M.O.D : Tout d’abord, je pense qu’il faut corriger la perception qu’il y a un frein à l’accès des nationaux à l’emploi dans le secteur minier. Le secteur minier est l’un des rares secteurs qui emploie le plus de personnes du fait des emplois directs et indirects avec les sous-traitants et du fait de l’organisation pratique du travail qui double carrément le personnel pour permettre à une partie de ce personnel de se reposer un temps suffisant pendant que l’autre travaille. La vraie question est l’accès aux postes clés. A ce niveau, il y a effectivement certains obstacles qui ne sont pas insupportables. On peut citer, entre autres :

  • la maitrise de la langue anglaise qui limite les échanges et l’apprentissage ;
  • le manque de structures et/ou d’écoles de formation dans les métiers des mines qui soient à même de former de manière solide les employés en dehors de la formation donnée par le personnel non national qui est souvent pris par l’importante charge de tâches quotidiennes du poste ;
  • le coté très pointu et nécessitant des accréditations internationales de certains postes. Ainsi, une formation sur le poste dans le pays ne suffirait pas à confirmer une compétence qui va bien au-delà de la formation ;
  • la longue expérience, souvent requise pour transformer une formation, une connaissance en compétence peut être vue de prime abord comme un frein ;
  • enfin, le secteur minier requiert des compétences dites ‘soft’ qui sont des capacités interfonctionnelles requises dans la gestion des finances ou dans la gestion des ressources humaines. Souvent, des personnes sont très compétentes sur le plan technique mais pèchent souvent sur les autres aspects qui, dans les faits, comptent autant que la technicité.
  • Cela dit, on observe une vraie tendance où ces obstacles sont de plus en plus levés ; car, on a davantage de nationaux qui ont eu de l’expérience ailleurs ou dans le pays et qui sont à même d’occuper les postes jadis occupées par des expatriés.
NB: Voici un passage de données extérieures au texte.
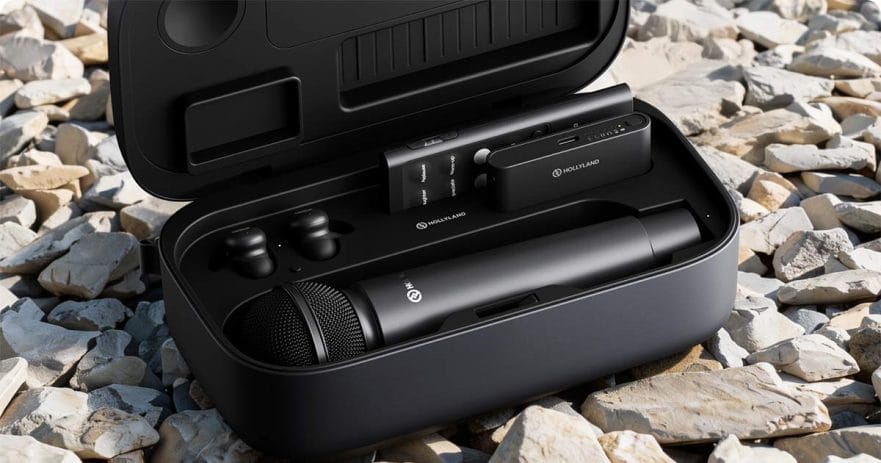 Hollyland MELO P1 price specs REVU Philippines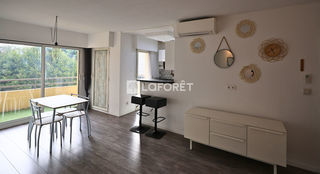  Appartement � vendre 1 pi�ce 34 m�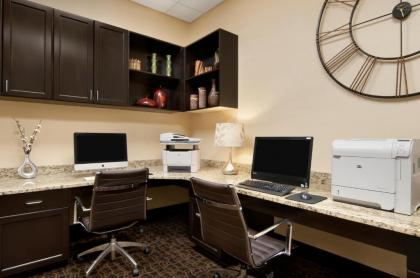 Embassy Suites Jackson - North/Ridgeland - image 21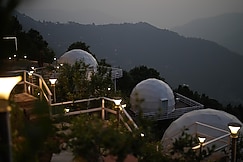 Harmony Heights, Gangolihat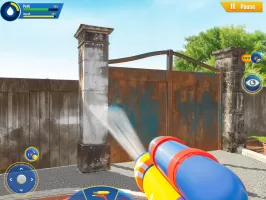 Cleaning Simulator Wash Games MOD APK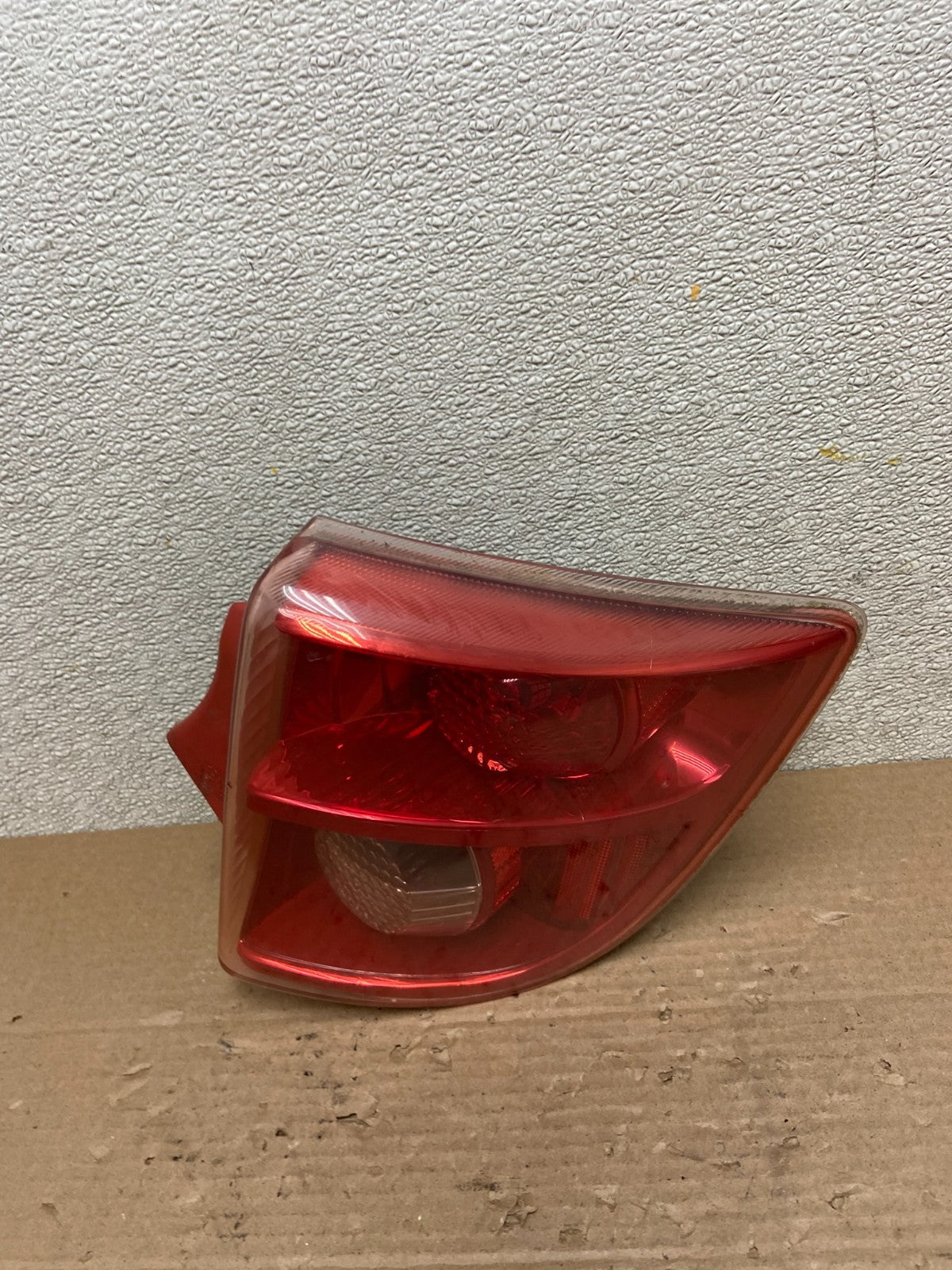 2003 2004 2005 Toyota Celica Right Passenger RH Side Tail Light ab1155 DG0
Le Directeur Général de l’une de nos sociétés minières au Burkina Faso est burkinabè, c’est le premier du genre et nous sommes confiants que d’autres suivront.
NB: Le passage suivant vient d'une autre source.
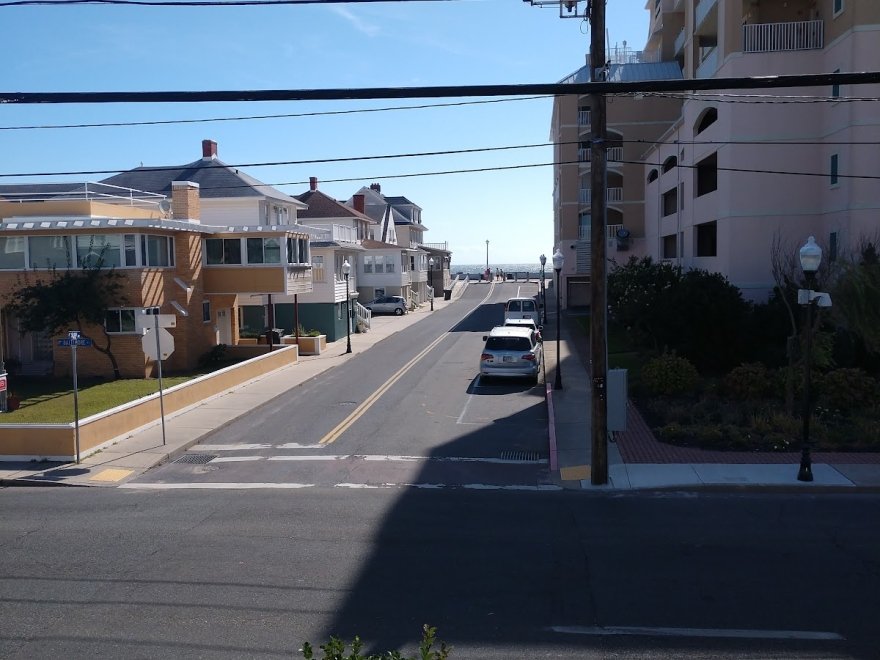 Surf Villa Hotel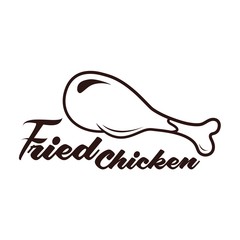 Fried Chicken icon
S : Certains travailleurs employés dans les sociétés minières par l’entremise des sociétés de placements disent se retrouver avec des salaires nettement en deçà de ce qu’ils devraient avoir. Quel est l’ampleur du phénomène et comment y remédier ?

Pour améliorer l’employabilité des nationaux dans le secteur minier, le Burkina relever impérativement le défi de la formation de qualité et de haut niveau dans ce domaine.

M.O.D :  Le secteur minier est fait d’acteurs de tailles différentes. Certains donnent partiellement un service aux mines et certains donnent des services exclusifs. Ils n’auront pas les mêmes moyens.

Toute entreprise a tout intérêt à payer correctement ses employés pour assurer son attractivité, la rétention des talents et même sa propre survie, via un service de qualité.

Il est donc important pour l’entreprise sous-traitante de traiter ses employés de manière juste et équitable en fonction du revenu. Ceci étant, ces entreprises de placement n’étant pas la mine, elles ont leur politique de rémunération qui tient compte des réalités du marché pour garder leurs employés en sécurité et assurer leur motivation, gage de productivité.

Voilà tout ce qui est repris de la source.